Certain information and note disclosures normally included in the
Partnership's annual financial statements prepared in accordance with accounting
principles generally accepted in the United States have been condensed or
omitted. These condensed financial statements should be read in conjunction with
the financial statements and notes thereto included in the Partnership's
December 31, 2002 Annual Report on Form 10-K filed with the Securities and
Exchange Commission. The results of operations for the interim periods presented
are not necessarily indicative of operating results for the full year.
The Partnership owns no properties. The Partnership has continued in
existence because of pending litigation in which the Partnership is a party. It
cannot be predicted when the Partnership will be dissolved.
(2) The Partnership reimburses its general partner for certain allocated
administrative expenses. These expenses represent the salaries and related
benefits paid for corporate personnel. Such personnel provide administrative,
accounting, tax, legal and investor relations services to the Partnership. Such
services, and their related costs, are necessary for the administration of the
Partnership until the Partnership is dissolved. Such charges were included in
administrative expenses and other, net in the accompanying condensed statement
of operations. Administrative expenses allocated to the Partnership for the
three months ended March 31, 2003 and 2002 were $618 and $3,967, respectively.
(3) Commitments and Contingencies
Litigation Challenging Jones Intercable's Acquisitions of Certain Cable Systems
In June 1999, Jones Intercable was named a defendant in a case
captioned City Partnership Co., derivatively on behalf of Cable TV Fund 12-C,
Ltd., Cable TV Fund 12-D, Ltd. and Cable TV Fund 12-BCD Venture, plaintiff v.

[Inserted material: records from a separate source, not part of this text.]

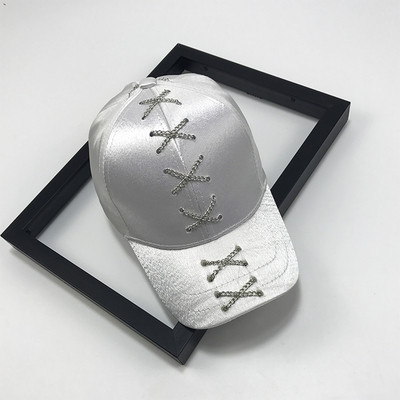 Actuala palarie de dama HIT cu vizor cu cravate incrucisate in mai multe culori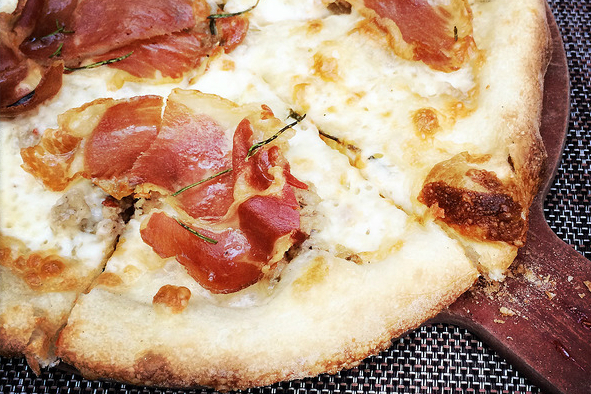 Mmmm....pizza at the Press Room (Photo: Steam Pipe Trunk Distribution Venue via Flickr)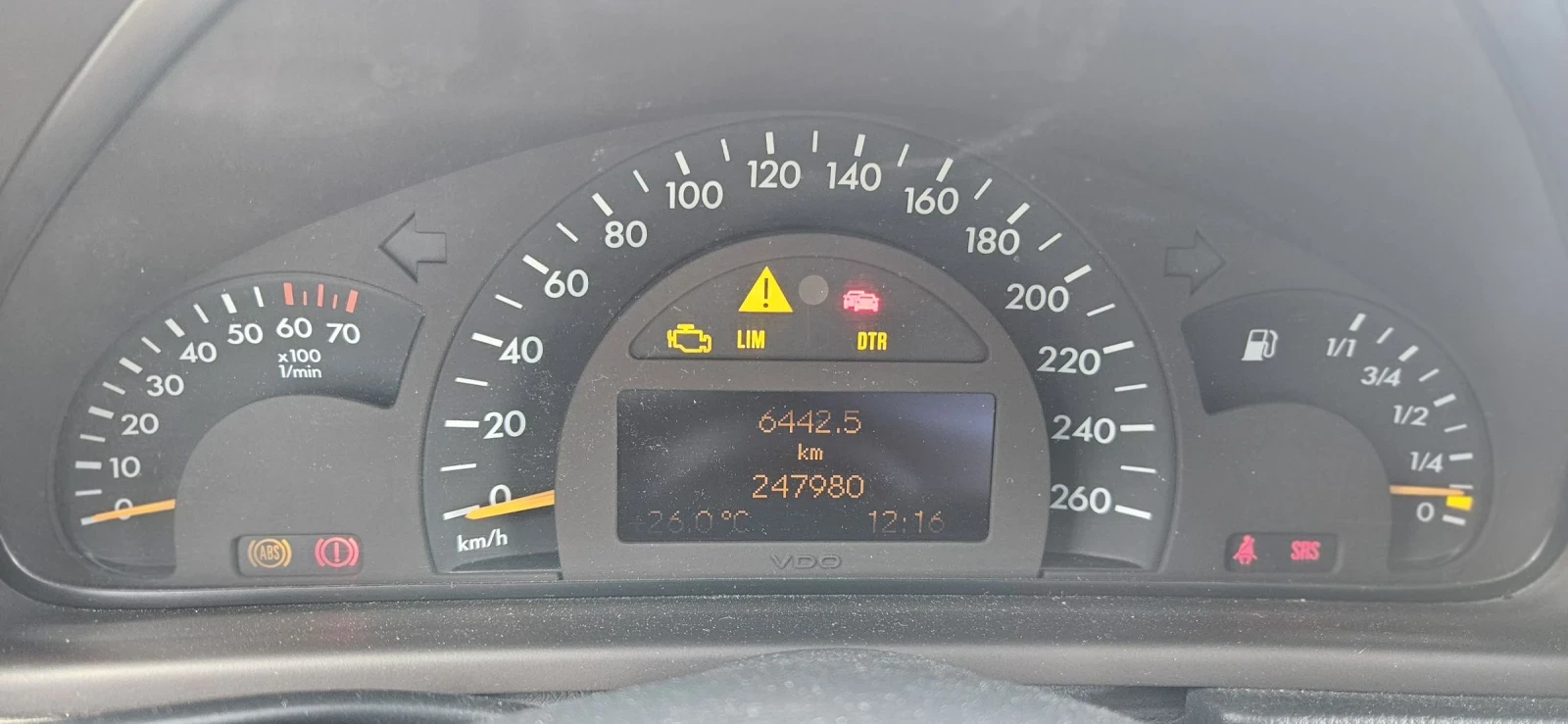 Mercedes-Benz C 180, снимка 8 - Автомобили и джипове - 54977490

Jones Intercable, Inc., defendant and Cable TV Fund 12-C, Ltd., Cable TV Fund
12-D, Ltd. and Cable TV Fund 12-BCD Venture, nominal defendants (U.S. District
Court, District of Colorado, Civil Action No. 99-WM-1155) (the "City
Partnership" case) brought by City Partnership Co., a limited partner of the
named partnerships. The plaintiff's complaint alleges that Jones Intercable
breached its fiduciary duty to the plaintiff and to the other limited partners
of the partnerships and to the Venture in connection with the Venture's sale of
the Palmdale, California cable communications system (the "Palmdale System") to
a subsidiary of Jones Intercable in December 1998. The complaint alleges that
Jones Intercable acquired the Palmdale System at an unfairly low price that did
not accurately reflect the market value of the Palmdale System. The plaintiff
also alleges that the proxy solicitation materials delivered to the limited
partners of the partnerships in connection with the votes of the limited
partners on the Venture's sale of the Palmdale System contained inadequate and
misleading information concerning the fairness of the transaction, which the
plaintiff claims caused Jones Intercable to breach its fiduciary duty of candor
to the limited partners and which the plaintiff claims constituted acts and
omissions in violation of Section 14(a) of the Securities Exchange Act of 1934,
as amended. Plaintiff also claims that Jones Intercable breached the contractual
provision of the partnerships' limited partnership agreements requiring that the
sale price be determined by the average of three separate, independent
appraisals, challenging both the independence and the currency of the
appraisals. The complaint finally seeks declaratory injunctive relief to prevent
Jones Intercable from making use of the partnerships' funds to finance Jones
Intercable's defense of this litigation.
In August 1999, Jones Intercable was named a defendant in a case
captioned Gramercy Park Investments, LP, Cobble Hill Investments, LP and
Madison/AG Partnership Value Partners II, plaintiffs v. Jones Intercable, Inc.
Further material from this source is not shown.